Mark's Market Talk

Apr 19, 2021

Last week grains were higher as cool weather slowed planting in the Midwest. May corn was up 9 cents while Dec corn was 16 higher as bear spreading continues. We have known for some time that the old and new crop prices would come together, it was just a matter of how the adjustment would occur. For the time being it appears they may meet somewhere in the middle. Old crop has held its value quite well, but now we need a new spark like a big sale announcement. Otherwise, the lead month will trend lower. May corn was over 6.00 at one-point last week, but it did not close above 6. It has been 2013 since corn was that high. The weather news has shifted to the new crop. There are concerns of planting delays here and continued hot dry weather in South America. Local new crop corn was in the 4.70 range last Friday which is getting some attention from producers. Of course, the question has been will we see 5.00. The correct answer at this point would be, maybe. The forecast is cool but there is not much rain predicted. The is a slew of planters sitting around ready to go as soon as the producer decides it is time. That will probably be this week and given some nice days we all know how fast this corn crop will get planted. May beans ended last week 30 cents higher while Nov was a short 10 cents higher. Several times in the past month or so it looked like old crop beans were ready to throw in the towel. Then we get a week like this and they come roaring back.
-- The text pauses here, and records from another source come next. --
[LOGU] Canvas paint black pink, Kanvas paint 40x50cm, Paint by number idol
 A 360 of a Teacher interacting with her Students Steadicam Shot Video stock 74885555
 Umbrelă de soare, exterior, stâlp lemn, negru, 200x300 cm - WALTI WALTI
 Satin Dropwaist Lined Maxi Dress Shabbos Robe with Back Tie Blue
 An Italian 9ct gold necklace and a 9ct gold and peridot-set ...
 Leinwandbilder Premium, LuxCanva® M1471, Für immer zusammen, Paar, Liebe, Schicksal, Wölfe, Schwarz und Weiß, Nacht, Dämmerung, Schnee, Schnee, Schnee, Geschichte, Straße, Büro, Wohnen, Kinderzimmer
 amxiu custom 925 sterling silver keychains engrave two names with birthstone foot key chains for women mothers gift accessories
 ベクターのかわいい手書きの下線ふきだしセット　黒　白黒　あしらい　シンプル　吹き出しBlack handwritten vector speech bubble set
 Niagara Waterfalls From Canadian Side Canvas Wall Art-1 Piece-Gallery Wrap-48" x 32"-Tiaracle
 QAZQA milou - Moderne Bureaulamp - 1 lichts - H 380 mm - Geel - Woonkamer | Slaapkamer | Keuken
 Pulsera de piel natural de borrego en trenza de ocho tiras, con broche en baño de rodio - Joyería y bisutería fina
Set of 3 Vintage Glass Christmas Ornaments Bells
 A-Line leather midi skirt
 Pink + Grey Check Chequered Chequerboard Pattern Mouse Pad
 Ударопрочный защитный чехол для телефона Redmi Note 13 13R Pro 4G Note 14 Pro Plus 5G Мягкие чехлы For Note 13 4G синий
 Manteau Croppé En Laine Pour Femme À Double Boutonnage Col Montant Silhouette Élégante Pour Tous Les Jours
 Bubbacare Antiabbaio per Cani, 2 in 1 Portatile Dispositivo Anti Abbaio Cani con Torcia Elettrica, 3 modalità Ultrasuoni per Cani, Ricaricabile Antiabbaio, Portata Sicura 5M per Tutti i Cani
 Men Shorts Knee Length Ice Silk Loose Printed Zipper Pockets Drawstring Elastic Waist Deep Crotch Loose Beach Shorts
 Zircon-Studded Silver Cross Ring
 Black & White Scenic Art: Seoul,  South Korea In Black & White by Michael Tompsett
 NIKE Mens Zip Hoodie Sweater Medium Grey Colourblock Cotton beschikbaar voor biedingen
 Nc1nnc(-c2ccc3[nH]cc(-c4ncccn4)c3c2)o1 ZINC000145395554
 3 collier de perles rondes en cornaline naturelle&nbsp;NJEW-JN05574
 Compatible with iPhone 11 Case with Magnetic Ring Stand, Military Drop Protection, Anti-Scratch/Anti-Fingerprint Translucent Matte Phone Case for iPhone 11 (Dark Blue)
The veg oil market was the driver this week as canola oil hit some new highs dragging soy oil along for the ride. However, meal did not move higher and for beans to hold their value meal must stay positive. The focus is slowly shifting to new crop beans as traders watch for indications that beans will get more acres this spring. The cool weather that is slowing corn planting may get beans a few more acres. But if those acres did not already have some nitrogen on them, the producer was wishy washy in his plans anyway. More answers will become apparent as we move into the middle of spring.